WHAT TO WORK ON
Skip the pictures, and retype the data below in full, exactly.

[DATASET EXCERPT — start]

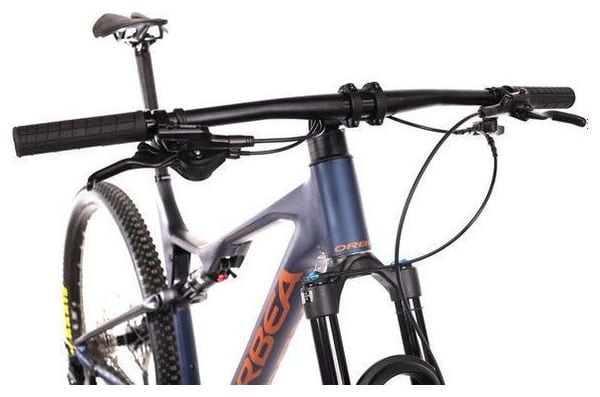 Produit reconditionné · Orbea Oiz H30 / VTT | Très bon état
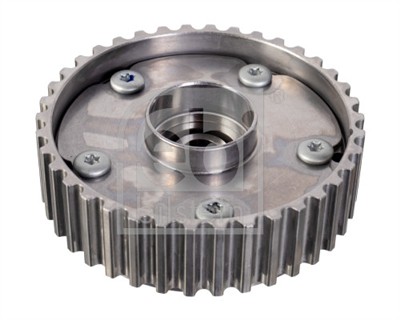 FEBI BILSTEIN 180133 EAN: 4054224801338.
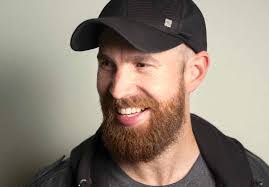 Damian Clark's Instagram, Twitter & Facebook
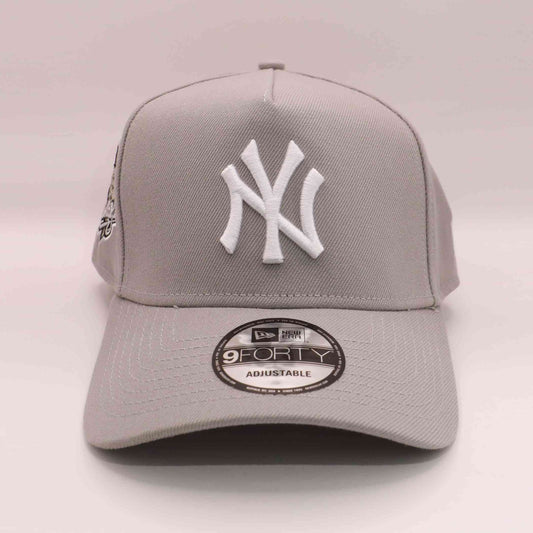 NEW ERA NEW YORK YANKEES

[DATASET EXCERPT — finish]

OUTPUT BELOW
 Produit reconditionné · Orbea Oiz H30 / VTT | Très bon état
 FEBI BILSTEIN 180133 EAN: 4054224801338.
 Damian Clark's Instagram, Twitter & Facebook
 NEW ERA NEW YORK YANKEES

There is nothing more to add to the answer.